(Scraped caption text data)
########################################
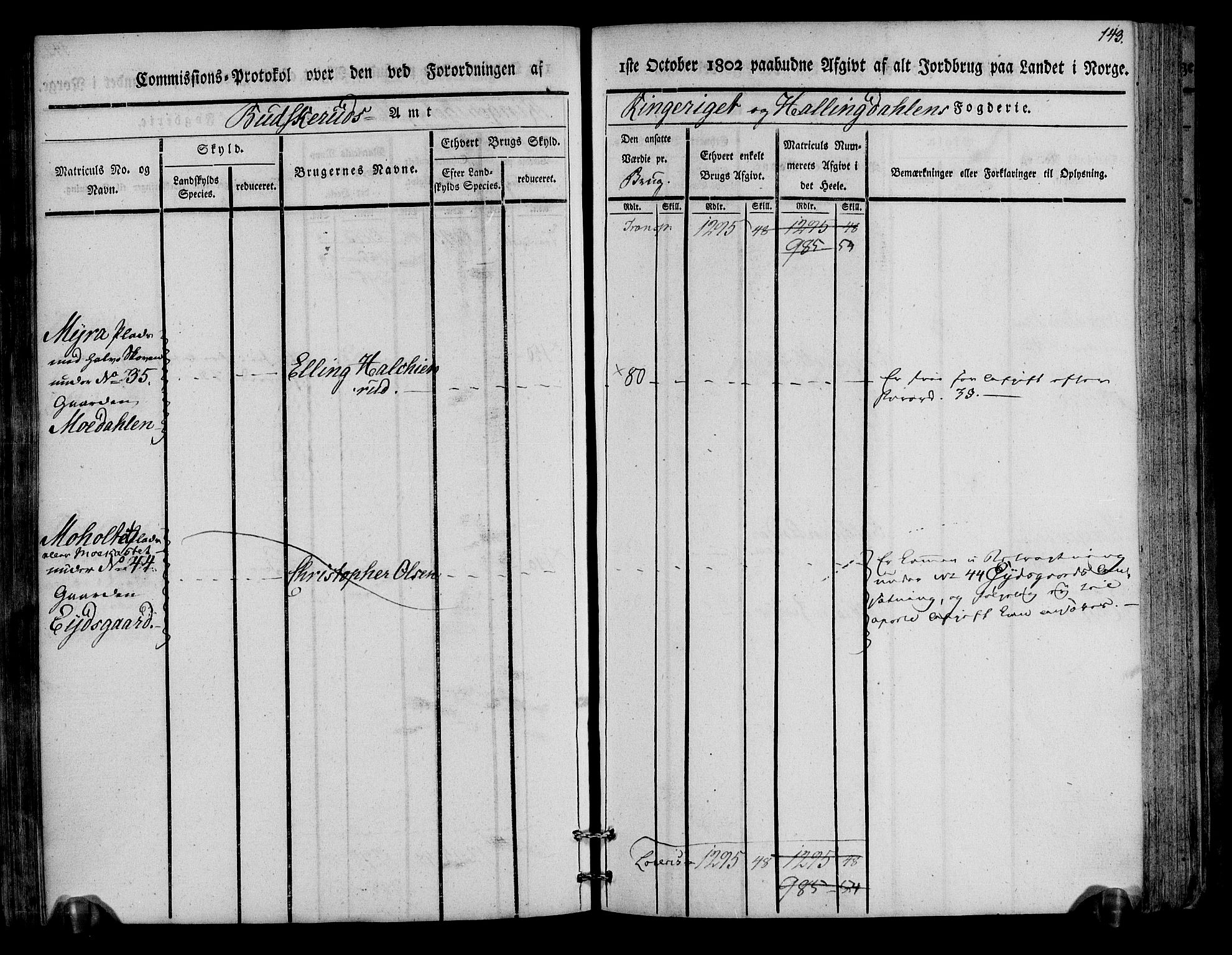 Rentekammeret inntil 1814, Realistisk ordnet avdeling, AV/RA-EA-4070/N/Ne/Nea/L0045: Ringerike og Hallingdal fogderi. Kommisjonsprotokoll for Norderhov prestegjeld, 1803, p. 146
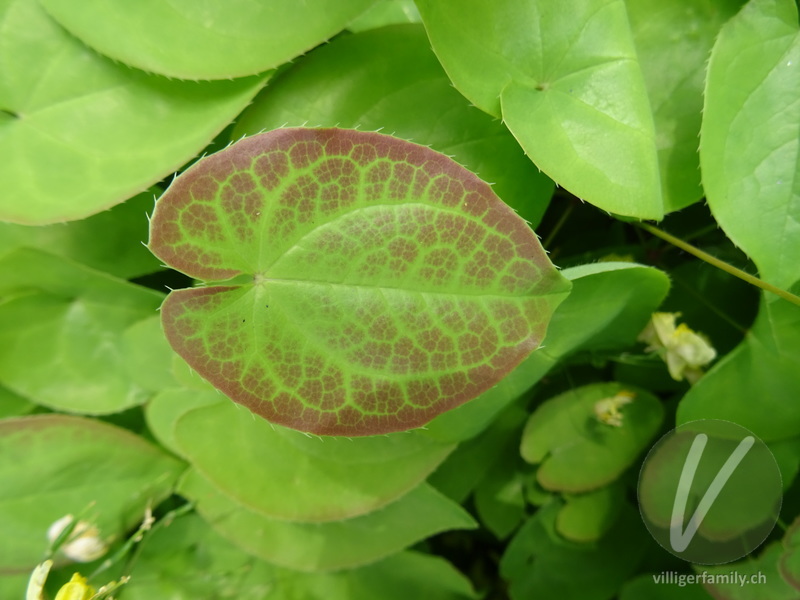Elfenblume (Epimedium x perralchicum): Blätter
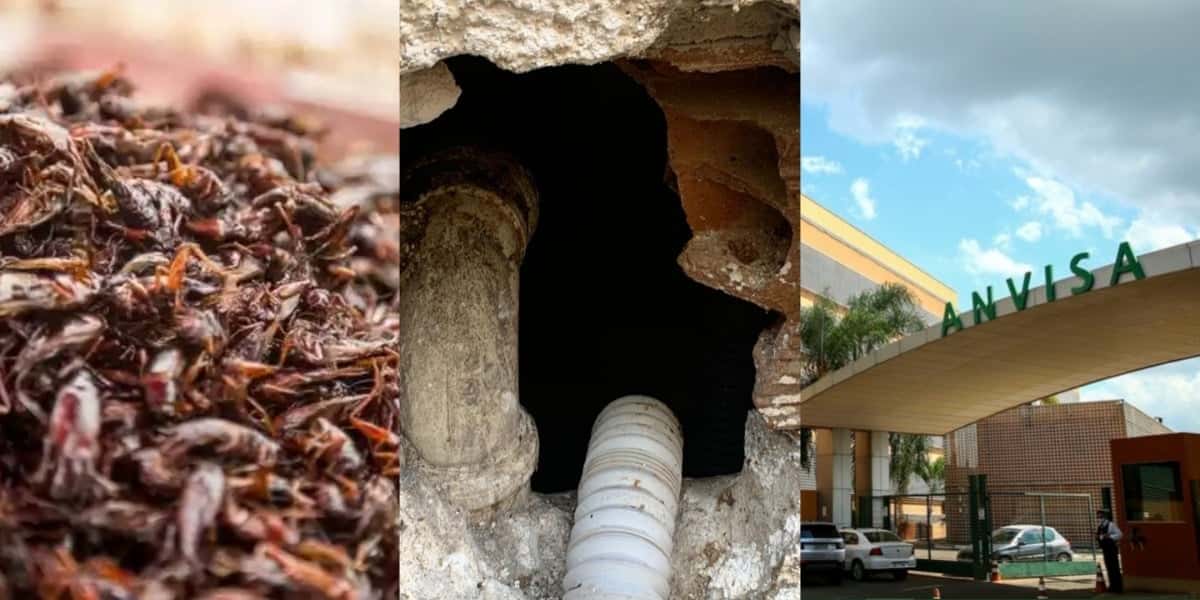 : Ordem da ANVISA lacra restaurante no RJ, queridinho das mulheres e +1 - Foto: Internet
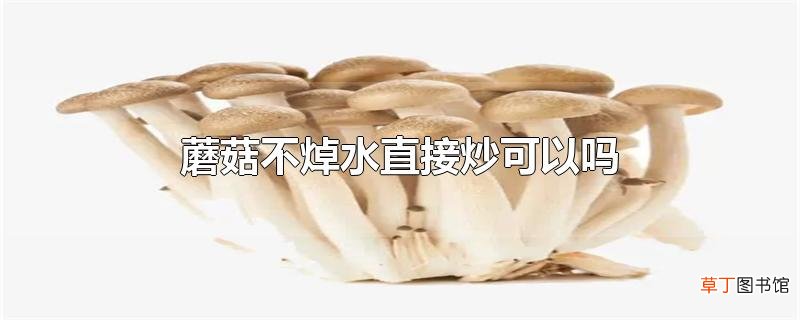 蘑菇不焯水直接炒可以吗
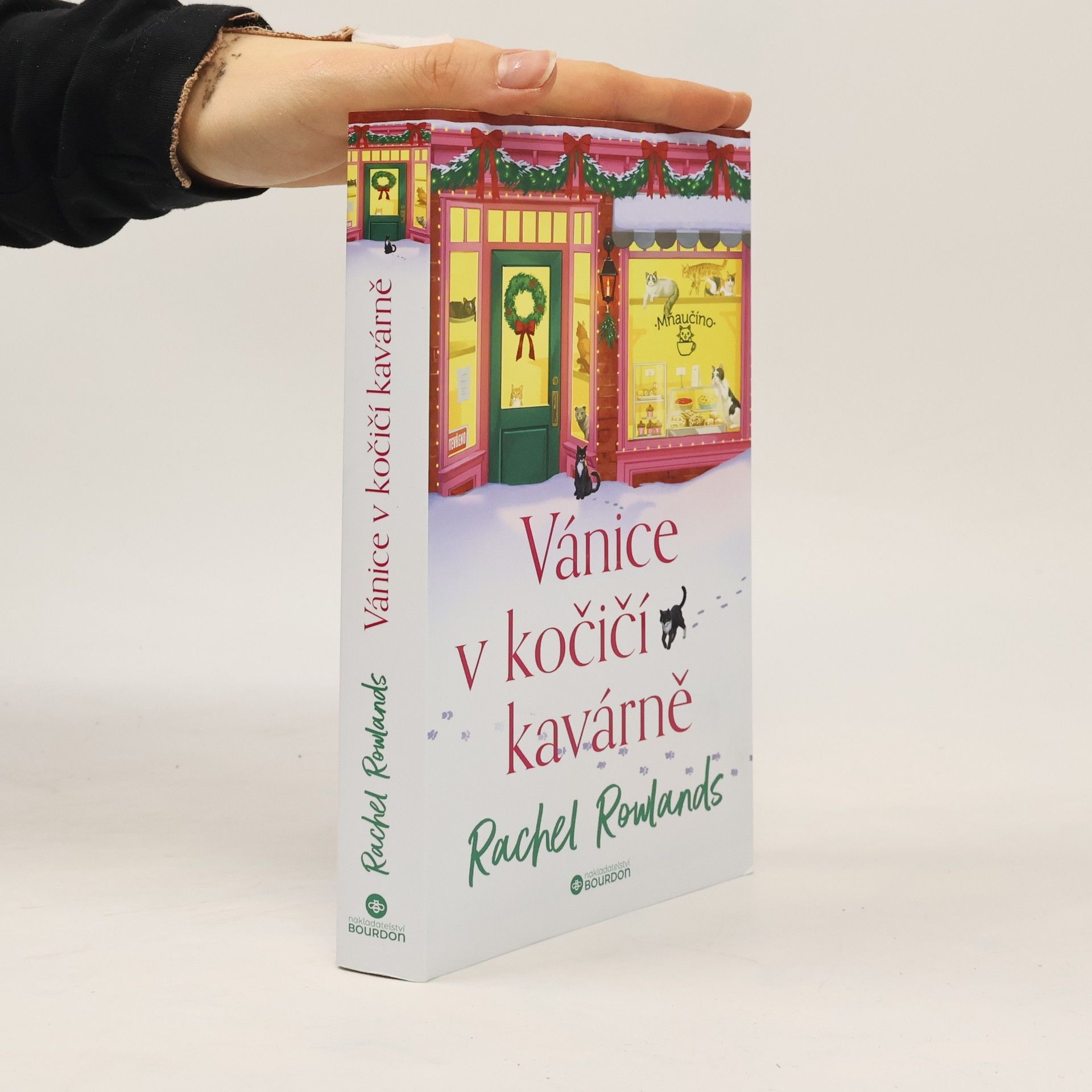 Rachel Rowlands Vánice v kočičí kavárně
########################################
* The problem
Retype, please, exactly the lines that begin with the one containing "- Foto: Internet" and end at the last line of the entries above, both included, leaving out pictures.

* Solution
 : Ordem da ANVISA lacra restaurante no RJ, queridinho das mulheres e +1 - Foto: Internet
 蘑菇不焯水直接炒可以吗
 Rachel Rowlands Vánice v kočičí kavárně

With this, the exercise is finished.